La dimostrazione che l’incapacità di trovare manodopera adeguata è legata alla gestione aziendale arriva da un altro dato fornito dall’indagine di Confcooperative. Nel 2022 i lavoratori dipendenti che si sono dimessi sono stati 1.047.000. Di questi circa 700.000 (sette su dieci) si sono ricollocati nel giro di tre mesi. Nel 2019 le dimissioni volontarie interessavano poco più di 810.000 lavoratori.

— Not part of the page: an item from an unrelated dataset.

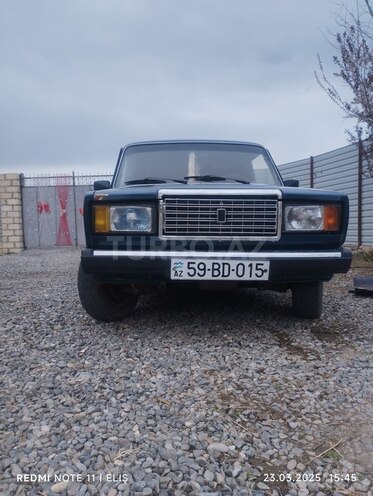 LADA (VAZ) 2107 2000, 51,427 km - 1.6 l - Tərtər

Dunque aumenta l’insoddisfazione per il riconoscimento del proprio lavoro e si sceglie di trovare un’occupazione migliore e più retribuita. Però gli imprenditori italiani fingono di non capirlo e insistono sulla necessità di aumentare il numero dei migranti, a prescindere dalla competenza dei nuovi arrivati. Un confronto, sul tema, si svolgerà sabato 11 novembre a Pergine Valsugana, organizzato dalla Fondazione Nodo di Gordio.